1 . The work which represents the supreme Saviour—blessing. "That ye may know that the Son of man hath power on earth to forgive sins." He will listen to the appeal made in behalf of the palsied man; but there is a palsy hidden and spiritual with which first he must deal, for until it is dealt with there can be no effectual healing. Yes; the true healing begins within. "Create a clean heart." And the point at which the Redeemer lays hold of us is the need of forgiveness. This action of Christ is the first in which he makes himself fully known, the first in which his spiritual authority is declared. And from this moment the organized opposition of scribe and Pharisee dates. "His kingdom ruleth over all." All agencies of relief and kindness are his, and are to be used in his name; but his kingdom is the kingdom of heaven to all believers, because the Son of man has power on earth to forgive sins.

2 . The condition on which the power of Christ is realized. "When he saw their faith." Observe, not his faith.

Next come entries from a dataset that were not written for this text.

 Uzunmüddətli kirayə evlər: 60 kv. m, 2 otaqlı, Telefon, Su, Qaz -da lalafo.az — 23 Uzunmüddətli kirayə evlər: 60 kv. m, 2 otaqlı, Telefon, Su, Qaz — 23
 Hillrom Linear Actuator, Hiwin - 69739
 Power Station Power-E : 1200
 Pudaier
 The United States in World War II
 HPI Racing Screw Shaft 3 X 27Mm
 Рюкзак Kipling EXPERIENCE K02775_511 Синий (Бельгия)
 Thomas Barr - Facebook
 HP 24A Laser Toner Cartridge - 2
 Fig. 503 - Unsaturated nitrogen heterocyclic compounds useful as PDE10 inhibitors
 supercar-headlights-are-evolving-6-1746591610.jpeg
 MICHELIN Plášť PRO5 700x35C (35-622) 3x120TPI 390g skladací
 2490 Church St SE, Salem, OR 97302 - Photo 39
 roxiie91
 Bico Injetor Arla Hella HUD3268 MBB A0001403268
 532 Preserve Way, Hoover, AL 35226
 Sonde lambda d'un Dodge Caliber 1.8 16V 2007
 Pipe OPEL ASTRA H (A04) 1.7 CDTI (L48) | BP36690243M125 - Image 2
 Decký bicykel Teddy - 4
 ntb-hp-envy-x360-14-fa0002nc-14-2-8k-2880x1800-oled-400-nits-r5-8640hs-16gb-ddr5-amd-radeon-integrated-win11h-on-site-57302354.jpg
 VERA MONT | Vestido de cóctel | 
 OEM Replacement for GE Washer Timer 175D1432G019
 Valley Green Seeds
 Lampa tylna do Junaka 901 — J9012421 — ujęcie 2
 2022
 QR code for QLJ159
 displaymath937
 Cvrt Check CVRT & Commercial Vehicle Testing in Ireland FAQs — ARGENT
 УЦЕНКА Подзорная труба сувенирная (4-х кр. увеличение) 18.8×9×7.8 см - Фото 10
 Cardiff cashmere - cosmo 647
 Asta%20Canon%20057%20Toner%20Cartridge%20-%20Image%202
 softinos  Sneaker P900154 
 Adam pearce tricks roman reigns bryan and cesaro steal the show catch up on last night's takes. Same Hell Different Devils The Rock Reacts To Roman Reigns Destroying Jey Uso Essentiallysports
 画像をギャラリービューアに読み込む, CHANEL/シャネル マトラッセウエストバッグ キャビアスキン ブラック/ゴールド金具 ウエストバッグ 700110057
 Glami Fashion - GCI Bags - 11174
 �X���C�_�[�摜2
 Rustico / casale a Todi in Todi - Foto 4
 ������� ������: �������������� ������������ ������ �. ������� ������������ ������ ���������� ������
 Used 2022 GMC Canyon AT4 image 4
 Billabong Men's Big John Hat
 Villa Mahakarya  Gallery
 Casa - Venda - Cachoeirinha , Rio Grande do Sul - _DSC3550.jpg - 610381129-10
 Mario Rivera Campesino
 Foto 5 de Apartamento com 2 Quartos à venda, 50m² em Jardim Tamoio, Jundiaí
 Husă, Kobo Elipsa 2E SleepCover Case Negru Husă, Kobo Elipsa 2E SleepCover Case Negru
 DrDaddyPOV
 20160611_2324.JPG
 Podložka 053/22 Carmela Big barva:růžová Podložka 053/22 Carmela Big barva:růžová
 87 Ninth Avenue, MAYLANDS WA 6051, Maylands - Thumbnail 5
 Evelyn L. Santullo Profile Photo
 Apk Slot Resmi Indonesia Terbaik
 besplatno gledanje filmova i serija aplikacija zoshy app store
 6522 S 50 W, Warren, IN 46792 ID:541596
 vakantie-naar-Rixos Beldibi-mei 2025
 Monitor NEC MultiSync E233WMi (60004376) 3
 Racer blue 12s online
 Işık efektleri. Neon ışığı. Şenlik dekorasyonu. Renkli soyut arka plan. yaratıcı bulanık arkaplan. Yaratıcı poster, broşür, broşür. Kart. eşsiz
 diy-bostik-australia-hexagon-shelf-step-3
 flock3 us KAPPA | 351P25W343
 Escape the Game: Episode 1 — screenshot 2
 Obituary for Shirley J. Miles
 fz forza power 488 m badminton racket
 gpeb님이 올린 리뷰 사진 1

No one, it is true, can stand proxy for another as to salvation. There must be the personal touch of Christ; and the narrative, when attentively regarded, shows that Jesus secured this from the sufferer. He helped out the sick man's trustfulness; he established a relation with himself. And then and thus he did exceeding abundantly above all that could be asked. But he does attach value to faith in friends for another friend, in the loving for the loved, in those who have salvation for those who have not. Think of the four bearing the weak and wanting man, seeking the means to realize the blessing for him, their interest wholly unselfish, and unresting until the doure man is really brought to Jesus. Oh, is not this the miniature of the Church of Christ in its intercession and labour for heathendom, for the sick and perishing through lack of knowledge? Should it not indicate the truth to be exemplified in the anxiety of parents as to their children? Should it not remind us of the highest aim of all relatives of friendship or confidence? Jesus does" perceive" this faith. It is the security of blessing unspeakable; for

"So the whole round earth is every way

Bound by gold chains about the feet of God."

Were there more of this faith, there would be more abundant sign of "the power of the. Lord present to heal."

3 . The hindrance and limitation of the power of the Lord. 'Pharisees and doctors of the Law sitting by," and the power present. It is always present with the word of his grace. We never need to seek it as if it were sometimes here and sometimes there. But these Pharisees and doctors are not healed. The grace is present for them too, but they do not realize it. They sit by as spectators, critics, censors, watching for grounds of reproach and accusation. "The word of hearing did not profit them, because they were not united by faith with them that heard." Is not this the limitation still? Are there not many in our assemblies who, like these Pharisees, "sit by"? They scarcely believe what is said. As old Matthew Henry writes, "It is to them a tale that is told them, not a message that is sent them. They are willing that we should preach before them, not that we should preach to them." It is this sitting by which checks the work of grace. More and more, as the ministry of Christ proceeds, does the shadow of the Pharisees sitting by fall on it. A withering, desolating shadow. Thou Pharisee of town and village, thou critic, sceptic, thy seat the seat of the scornful. Mighty power to heal may be present, but mighty work of healing cannot be done in thee until the story of the Pharisee of the Pharisees is repeated in thee, and thy self-sufficiency smitten down, thou art cast to the earth, to ask, trembling and astonished, "Who art thou, Lord?"